Photo by Adriana Lugo

Julia Cabello is an attorney who has worked for more than a decade in defense of the right to land of the Sawhoyamaxa community in Paraguay. From the 1990s, the Sawhoyamaxa community of the Enxet people has sought protection for their right to land. After exhausting all internal legal procedures in Paraguay, the indigenous people turned to the Inter-American System to protect their rights to life and land. In 2006, the Inter-American Court of Human Rights ordered the State of Paraguay to grant the indigenous community title to approximately 14,000 hectares that constitute the ancestral land of the indigenous people.

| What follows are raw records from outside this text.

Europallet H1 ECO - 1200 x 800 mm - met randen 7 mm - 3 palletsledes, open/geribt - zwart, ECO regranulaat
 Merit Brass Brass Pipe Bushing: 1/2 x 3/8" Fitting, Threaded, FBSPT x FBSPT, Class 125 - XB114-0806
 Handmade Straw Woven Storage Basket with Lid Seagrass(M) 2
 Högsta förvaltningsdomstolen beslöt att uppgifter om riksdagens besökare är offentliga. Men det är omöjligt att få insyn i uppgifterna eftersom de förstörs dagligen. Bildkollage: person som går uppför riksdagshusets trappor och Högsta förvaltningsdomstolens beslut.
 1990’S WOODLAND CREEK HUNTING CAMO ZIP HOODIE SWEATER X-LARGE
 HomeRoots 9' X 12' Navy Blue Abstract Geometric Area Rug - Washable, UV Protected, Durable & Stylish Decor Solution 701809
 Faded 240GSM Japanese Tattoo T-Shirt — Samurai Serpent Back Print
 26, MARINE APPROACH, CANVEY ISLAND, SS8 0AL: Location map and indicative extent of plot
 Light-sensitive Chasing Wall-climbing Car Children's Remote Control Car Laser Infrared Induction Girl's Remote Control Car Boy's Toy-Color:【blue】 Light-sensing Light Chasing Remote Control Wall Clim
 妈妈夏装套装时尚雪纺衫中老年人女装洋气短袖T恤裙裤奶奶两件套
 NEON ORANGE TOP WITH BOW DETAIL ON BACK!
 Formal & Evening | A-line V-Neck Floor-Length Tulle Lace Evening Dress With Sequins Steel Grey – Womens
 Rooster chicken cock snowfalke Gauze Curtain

In compliance with the Court’s decision, the Paraguayan Congress expropriated 14,404 hectares of land in favor of the Sawhoyamaxa community, through Law No. 5194 of 2014. The constitutionality of the law was challenged before the Constitutional Chamber of the Supreme Court of Justice, and, in September 2014, the Court unanimously rejected the action of unconstitutionality presented against the law. With this ruling, the process focused on complying with the administrative process to title the lands in favor of the Sawhoyamaxa community. 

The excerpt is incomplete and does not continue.